Complexities. As government agencies regulating trade in Mexico become more sophisticated and automated with their auditing, it is more important than ever for companies to stay abreast of changes to the programs that provide tax relief and establish systems of their own for managing compliance in a less manual way, Bernie Hart, vice president of global trade management at Livingston International, a logistics company that specializes in managing customs processes for customers, said.
   Before 2014, customs and tax authorities had no real way to monitor shipments and mostly relied on good will and information from brokers. Today, they have much more detailed processes for collecting electronic data at the part-number level using a “single window” government filing system, and matching it up with product classifications and import/export declarations. Manufacturers seeking certification are being asked to show their import/export balances for the past five years, he said.
   Certification now requires companies to review their imports by part number and track what supplies go to each plant in Mexico, inter-company transfers between plants, material that is scraped, and finally what is exported.
   “That becomes a very daunting task,” Hart said. “It’s a ton to keep track of. The Maquila process has been around for a long time, but government never enforced it. And if you can’t prove where the stuff goes, you’re going to have to pay the VAT and fines.”
   Reconciling past records for raw materials, parts, sub-assemblies, kitting and other materials is very difficult, if not impossible, for many companies, especially if the company has changed brokers and suppliers multiple times, Hart said.

It’s a ton to keep track of… And if you can’t prove where the stuff goes, you’re going to have to pay the VAT and fines

   Livingston, as well as other providers of global trade management software and services, are helping clients map and monitor their import data so it matches with their inventory and export data, as well as report it to the government.
   Even large companies with sophisticated systems may face more compliance challenges than smaller companies because their supply chains are more complex, or they can’t easily feed the information to the government in the correct format or in a timely way. Large companies have to pull data from multiple business units and divisions that have different reporting requirements before trying to reconcile the import/export data.
   “That can be an absolute nightmare to manage,” Hart said.
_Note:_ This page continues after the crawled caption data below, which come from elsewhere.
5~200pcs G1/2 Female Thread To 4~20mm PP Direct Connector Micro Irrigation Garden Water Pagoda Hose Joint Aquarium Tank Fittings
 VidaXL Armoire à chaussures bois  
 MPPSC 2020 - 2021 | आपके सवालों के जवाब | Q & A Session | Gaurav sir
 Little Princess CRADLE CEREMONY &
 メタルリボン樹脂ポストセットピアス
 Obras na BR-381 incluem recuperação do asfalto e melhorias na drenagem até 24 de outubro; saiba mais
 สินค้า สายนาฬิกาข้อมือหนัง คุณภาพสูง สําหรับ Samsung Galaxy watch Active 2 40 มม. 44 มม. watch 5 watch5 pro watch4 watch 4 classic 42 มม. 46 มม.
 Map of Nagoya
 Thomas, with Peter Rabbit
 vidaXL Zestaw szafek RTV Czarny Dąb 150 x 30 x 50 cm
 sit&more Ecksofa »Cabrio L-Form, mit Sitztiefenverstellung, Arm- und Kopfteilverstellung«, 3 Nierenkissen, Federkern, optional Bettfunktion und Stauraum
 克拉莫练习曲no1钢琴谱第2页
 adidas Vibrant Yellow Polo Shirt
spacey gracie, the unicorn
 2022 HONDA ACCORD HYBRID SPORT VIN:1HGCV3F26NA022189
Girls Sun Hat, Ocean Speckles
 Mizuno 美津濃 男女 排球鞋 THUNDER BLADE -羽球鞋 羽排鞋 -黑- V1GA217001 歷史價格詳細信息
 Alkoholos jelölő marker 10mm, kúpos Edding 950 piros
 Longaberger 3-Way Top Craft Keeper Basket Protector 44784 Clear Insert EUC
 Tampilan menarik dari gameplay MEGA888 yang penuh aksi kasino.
   One of Livingston’s multinational customers has import and export balances every month that don’t match and one reason is that their upstream ERP system releases information that is subject to changing information fed in from fulfillment applications within its supply chain. It will have to conduct reconciliations indefinitely until it is able to fix the upstream programs, Hart said.
   “A lot depends on how complicated their fulfillment and supply chain processes are because if you’re small and only have to deal with a couple of suppliers, it may be relatively easy than if dealing with 3,000 different vendors,” Livingston’s global trade management guru said.
   “And if you’re a large multinational and using SAP as your primary fulfillment tool, and the company has undergone several acquisitions over time, there could be multiple ERPs, and if they all shipping to and from Mexico there’s the potential for their processes and data elements to not line up,” he added.
   The bottom line is manufacturers need to be more involved with their supply chain on the Mexican side of the border and with their inbound and outbound customs filings.
   “You need to have processes and procedures behind this, you need to have audit programs in place, and not just rely on your broker,” Hart said, adding the broker likely won’t have all the necessary information unless an extremely integrated customer relationship exists.